Geo-Experimentation in Cassandra: Complete Guide

Overview

What are Geo-Experiments?

Geo-experiments are controlled tests designed to measure the true incremental impact of marketing activities by comparing test and control groups across different geographic areas.

The methodology works by:

Dividing geographic areas into two groups:
- Test Group: Areas where the marketing activity will be modified
- Control Group: Areas where marketing continues as usual
The algorithm selects these groups to be as similar as possible in terms of:
- Historical revenue patterns
- Seasonality
- Market size
- Consumer behavior
This similarity ensures that any external factors (seasonality, market conditions, other marketing activities) affect both groups equally, allowing us to isolate the specific impact of our test variable.

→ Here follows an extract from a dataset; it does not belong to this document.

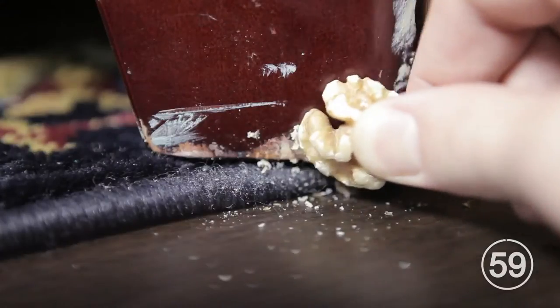Here are the top 12 timeless hacks that everyone should know. Rub walnuts on wooden furniture to cover up dings.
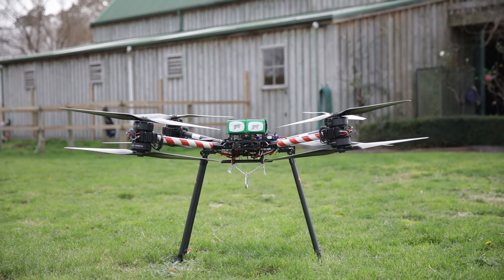We're really excited to be at the Avalon 2019 airshow at the drone zone, where you can come along and see these particular devices flying and showing how heavy lift capabilities work with drones.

For example: If we see a 10% increase in the test group and a 5% increase in the control group during a high season, we can attribute the 5% difference to our marketing activity, as both groups were equally affected by seasonality.

Why are they Important?

Validate model assumptions about channel performance
Measure true incremental impact of marketing activities
Calibrate the MMM model with real experimental data
Inform budget allocation decisions with empirical evidence
Challenge or confirm platform-reported metrics

Data Requirements

Required Data Points

The experiment requires only two essential data points:

Date
Total output variable (e.g., Total Revenue, Total Orders)

<aside> 💡

Important: This should be total figures, NOT channel-attributed numbers

</aside>

Example: Use total daily revenue for each geography, not “revenue attributed to Meta ads”

Historical Data Requirements

Minimum historical data should be 4-5 times the intended test duration
- For a 1-month test: 4-5 months of historical data
- For a 2-week test: 8-10 weeks of historical data
Optimal scenario: 1 year of historical data when possible

Geographic Granularity

The platform has specific limitations on data volume to ensure reliable processing:

Maximum of ~40,000 total rows in the dataset
This limit applies to the combination of locations and time periods
Examples of viable combinations:
- 100 locations × 365 days
- 260 locations × 150 days
Best practices:
- Keep total locations under 260 to maintain ability to use 4-5 months of historical data
- Optimal scenario: ≤100 locations to allow for full year of historical data
- Avoid zip code level granularity in large markets as it often exceeds processing limits
- Use state/region level where possible

Experiment Design

Types of Geo-Experiments

Hold-out Tests
- Completely stop spending in test regions
- Measures baseline contribution of channel
- Best for validating channel incrementality
Scale-up Tests
- Increase spending in test regions
- Measures potential for growth
- Best for testing saturation points
New Channel Tests
- Test new channel in specific regions
- Measures incremental impact of new activity
- Best for validating expansion plans

Design Parameters

Duration: Typically 14-21 days minimum
Budget: Determined by the expected lift and ROI
Geography Selection: Algorithm selects regions to create comparable test/control groups
Expected Lift: Minimum detectable effect needed for statistical significance

Channel-Specific Considerations

When testing upper-funnel activities (e.g., Meta Awareness, YouTube), consider the delayed effect:

Example Scenario:

Test Duration: 3 weeks
Channel’s Known Lag Effect: 2 weeks
Analysis Approach:
1. First Analysis: At the end of 3-week test period
2. Final Analysis: At 5 weeks (3 weeks test + 2 weeks lag)
This ensures we capture the full impact, including delayed conversions

This is particularly important for:

Brand awareness campaigns
Video advertising
Content marketing
Other upper-funnel activities with known lag effects

Understanding Expected Lift

The expected lift shown in the experiment design represents:

The minimum change needed to validate the input ROI assumption
NOT a prediction of actual results
A threshold for statistical significance
Calculated based on:
Input ROI/ROAS
Historical performance
Geographic variance
Test duration

Example:

If input ROAS = 10
Expected Lift = -5%

This means: To validate a ROAS of 10, we need to see at least a 5% reduction in revenue when reducing spend. If we see less impact, it indicates the actual ROAS is lower than 10.

Running the Experiment

Implementation Steps

Select test regions based on Cassandra’s recommendations
Adjust campaign targeting/budgets accordingly
Monitor spend and delivery throughout test period
Maintain consistent tracking and measurement
Allow for additional time to measure delayed effects

Best Practices

Avoid major changes to other channels during test period
Consider seasonal effects and promotional calendar
Document any external factors that might impact results
Maintain test conditions for full duration
Monitor for any technical issues or tracking problems

Results Interpretation

Key Metrics

Measured lift/impact
Statistical significance
Incremental ROAS
Total attributed revenue
Confidence intervals

Understanding Results

Results show actual incremental impact vs. control group
Significance level indicates reliability of results (aim for 95%)
Confidence intervals show possible range of true effect
Compare actual lift to expected lift to validate ROI assumptions

Using Results

Model Calibration
- Input results into model calibration
- Update channel ROI assumptions
- Refine budget allocation recommendations
Strategic Planning
- Inform budget allocation decisions
- Guide channel strategy
- Validate or challenge existing assumptions